The determination of longitude is accordingly based upon a measurement of the difference in the times of transit of sun or stars at the place of observation, and the place from which longitude is reckoned.

Let us take Greenwich as the start-point for our longitudes, and suppose we are in Dublin. The sun, or a star, will cross the meridian of Dublin at a certain interval after it has passed that of Greenwich, and if we measure this interval, the angle turned through by the earth in that time will determine the longitude. With a transit instrument one can readily tell the exact moment when the star crosses the meridian of Dublin, but how is one to know the exact moment at which the star crossed the meridian of Greenwich without going there?

Looking at the question in another way, let us remember that the clocks in Dublin register local time, that is time reckoned from the passage of the sun over the meridian of Dublin, while the Greenwich clock indicates times based on the transit of the sun over the Greenwich meridian. Evidently the difference of these times is the difference of longitude, and our question becomes, how to find the time at Greenwich when stationed at the observatory in Dublin.

In all modern work, the telegraph is employed whenever it is available, the two stations being directly connected. An observer at Greenwich is thus enabled to transmit a signal to the observer in Dublin at the exact moment a star passes through the centre of his transit instrument, and the latter observer then notes the interval which elapses before the same star passes the central line of his own instrument. If the signals were transmitted instantaneously, the interval elapsed from the reception of the signal to the observed transit of the same star would give the longitude as reckoned in time.

Practically, what is done is for each observer to determine his local sidereal time very accurately, with the aid of his transit instrument, and in this way to find the error of his clock. It is then only necessary to compare the two clocks, and this is done in the following way: the clock at Greenwich has an attachment by which an electrical contact is made every second, and this is switched in to the telegraphic circuit, so that the Dublin observer receives a signal every second so long as the clock is connected. These signals are automatically recorded by a chronograph, together with similar signals from the Dublin clock, and the times to which each of them corresponds is easily identified. Immediately afterwards the Dublin clock is switched into the circuit, and records its beats on the chronograph sheet at Greenwich, alongside those sent by the Greenwich clock. In this way the differences between the clocks can be very accurately measured, and the longitude can then be reckoned in degrees and minutes by allowing 15° for each hour. Before the invention of the telegraph, less accurate methods were of necessity employed. Among others the entrance of the moon into the earth’s shadow during an eclipse was noted by an observer desiring to know his longitude. As we have already seen, this occurrence is independent of the observer’s position on the earth, so that if he records the local time of the observation and compares with the calculated Greenwich time of the commencement of the eclipse, he can find his longitude. Similarly, the eclipses of the satellites of Jupiter may be utilised to signal Greenwich time to an observer situated elsewhere. Unfortunately, the shadows are too ill-defined at the edges to permit very accurate determinations in this way.

Methods Employed at Sea.—One of the most important applications of astronomy to the needs of everyday life is in enabling the navigator on the open ocean to determine the situation of his ship.

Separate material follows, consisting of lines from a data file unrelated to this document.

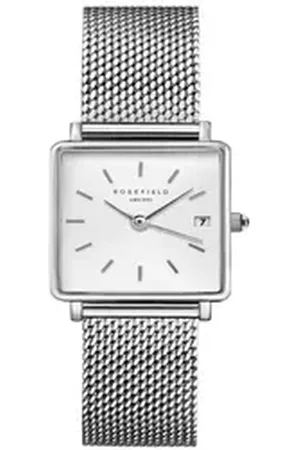 ROSEFIELD Quarzuhr Damenuhr Boxy XS Mesh Silber eckig QMWMS-Q038 silberfarben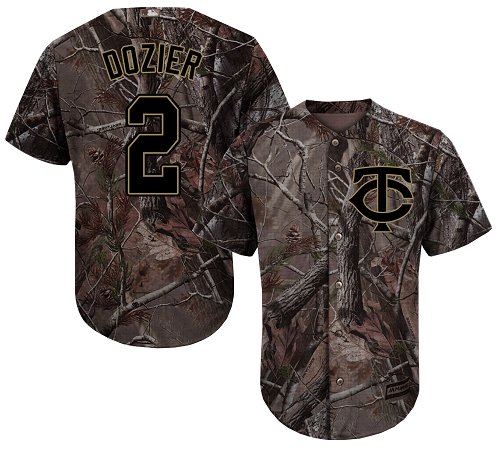 Twins #2 Brian Dozier Camo Realtree Collection Cool Base Stitched Youth Baseball Jersey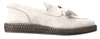 DOLCE & GABBANA IVORY SUEDE LEATHER MEN ESPADRILLE SHOES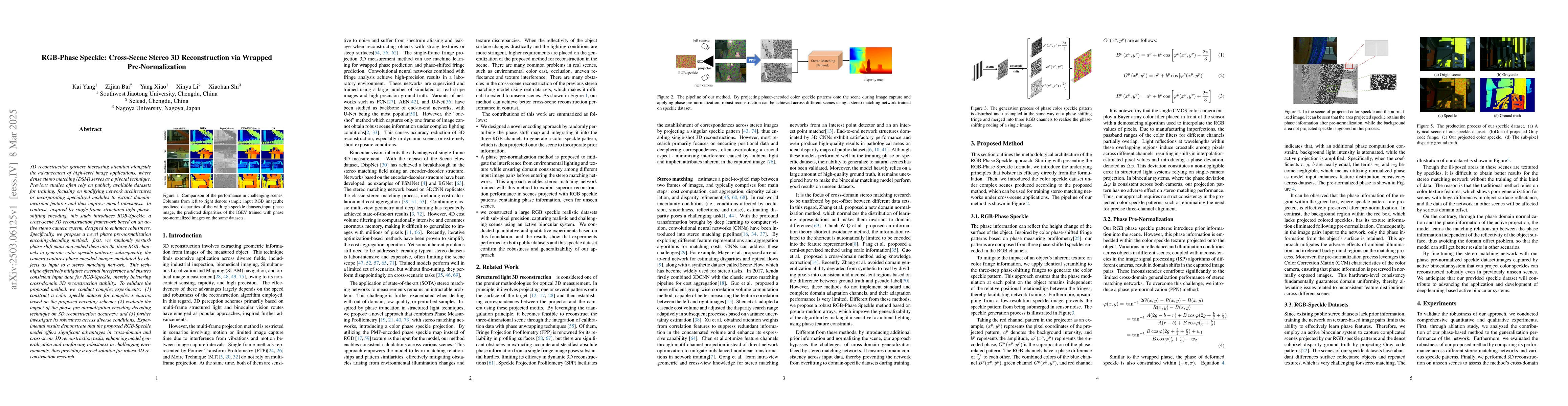 Thumbnail for RGB-Phase Speckle: Cross-Scene Stereo 3D Reconstruction via Wrapped
  Pre-Normalization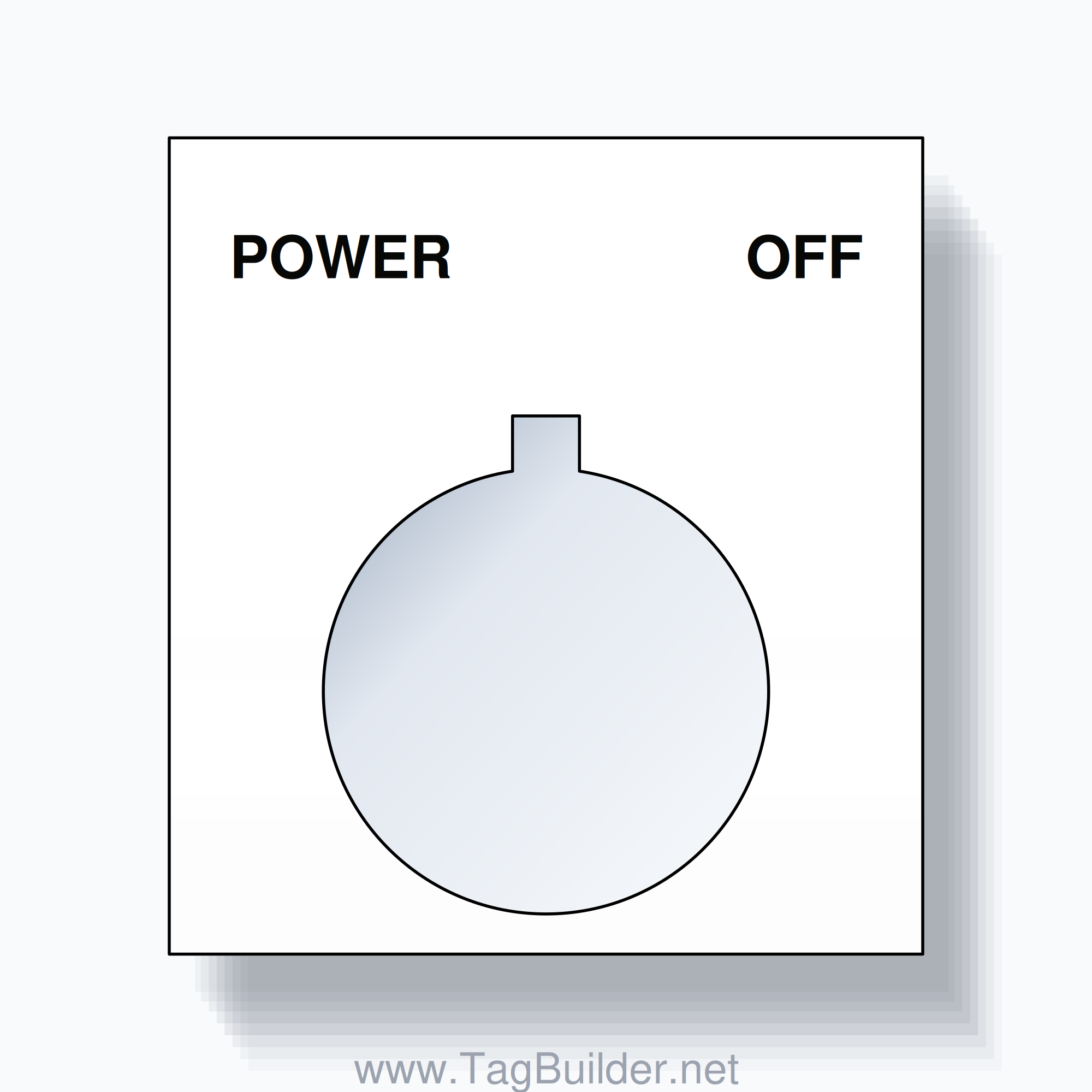 22mm Ring Tag – POWER OFF, Two-Line Square, Allen-Bradley Compatible, Black on White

Without the help supplied by astronomical predictions the sea would be truly trackless, and commerce by sea would be almost impossible.

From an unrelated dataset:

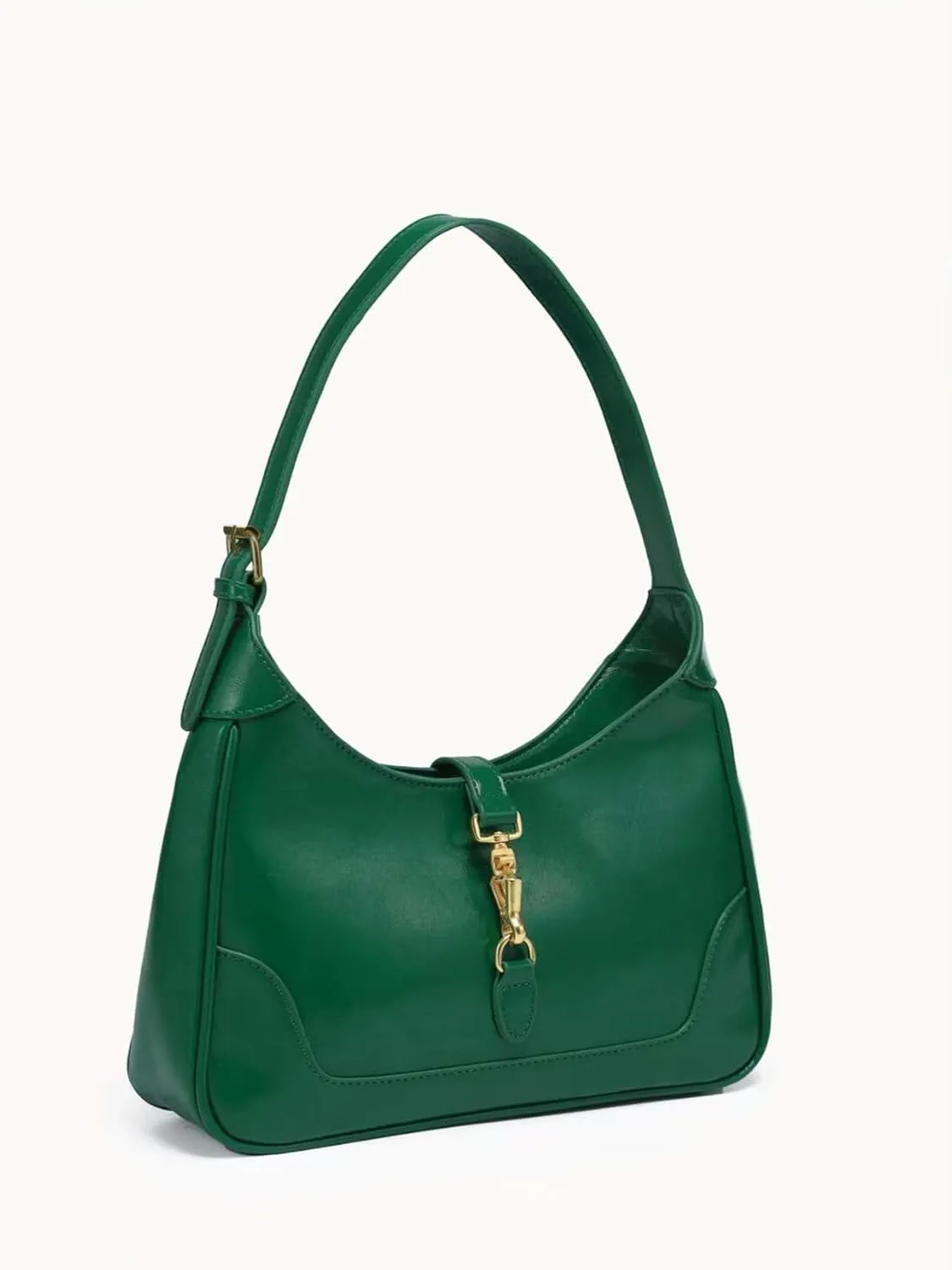 Women's PU Leather Clasp Shoulder Bag Adjustable Strap Vintage Hobo Handbags Purse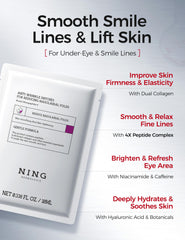 NING DERMOLOGIE under-eye patches applied for smoothing and brightness.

A sextant and two or three good chronometers, together with a copy of the current “Nautical Almanac,” furnish the means of ascertaining the geographical position of a ship. With the aid of the sextant, the sun’s greatest angular distance above the sea horizon—that is, its meridian altitude—is measured, and from the known declination of the sun at the time, the latitude is deduced in exactly the same way as in the case of an observation of a star (p. 124).

The sextant also enables the observer, by measuring the sun’s altitude in the early morning or evening, to determine the local time, as already explained (p. 83). Greenwich time is kept by the chronometers, and the difference between this and the local time is a measure of the longitude. More than one chronometer is carried by a ship, for fear that a single one might fail, through accident or other causes, to give correct readings. The rate of each has been previously very accurately gauged, and by taking the average indications, Greenwich time is known with considerable accuracy.

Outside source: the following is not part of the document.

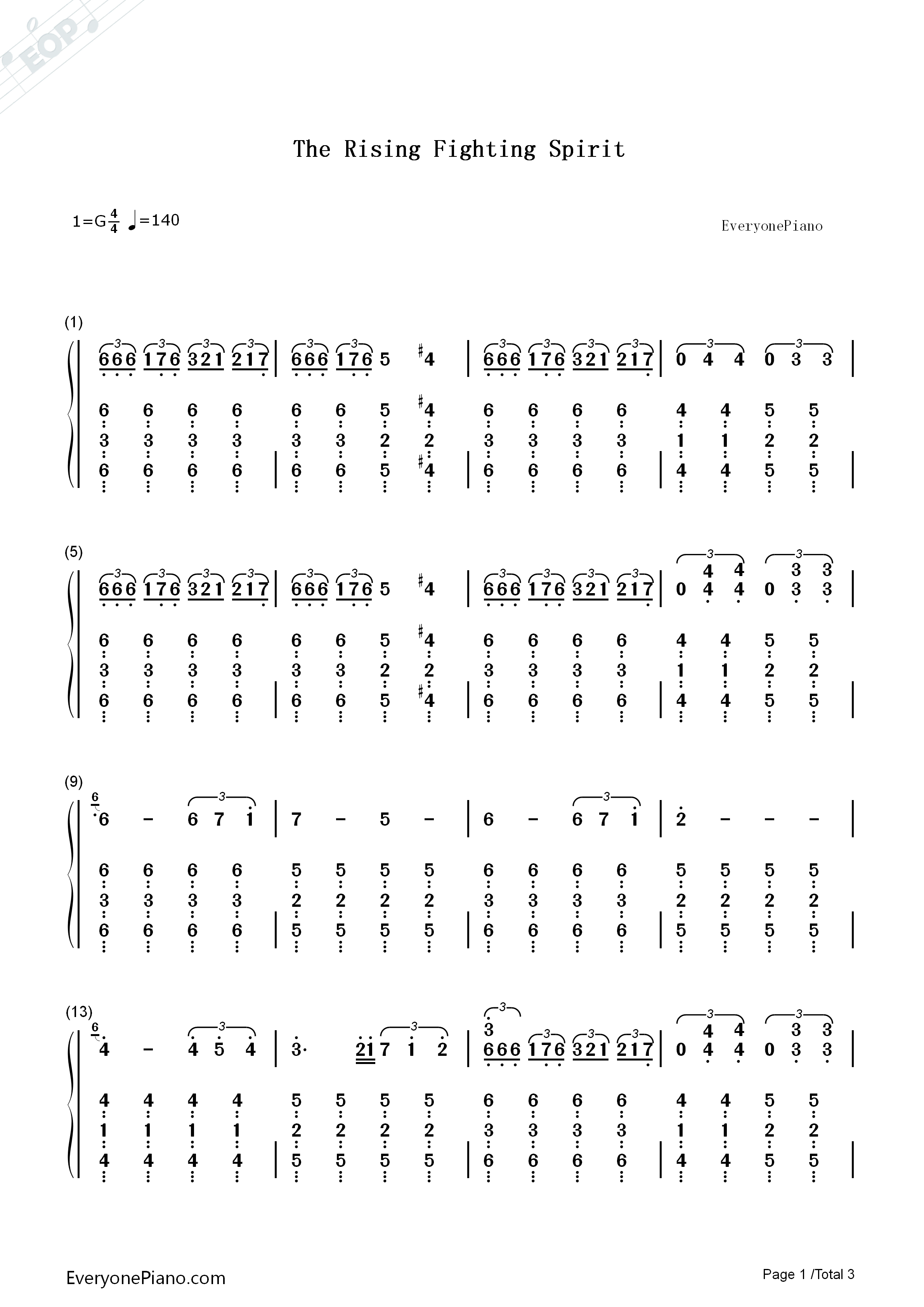 The_Rising_Fighting_Spirit钢琴简谱_火影忍者__Toshiro_Matsuda演唱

Should the chronometers fail, or any doubt be thrown upon their accuracy, there is another method by which the Greenwich time, and thence the longitude, can be ascertained. This is the lunar method, in which the heavens become the equivalent of the dial of a clock, while the moon, with its rapid easterly movement, plays the part of the hands.

In the words of Dr. Lardner, this is “a chronometer of unerring precision; a chronometer which can never go down, nor fall into disrepair; a chronometer which is exempt from the accidents of the deep; which is undisturbed by the agitation of the vessel; which will at all times be present and available to him wherever he may wander over the trackless and unexplored regions of the ocean.”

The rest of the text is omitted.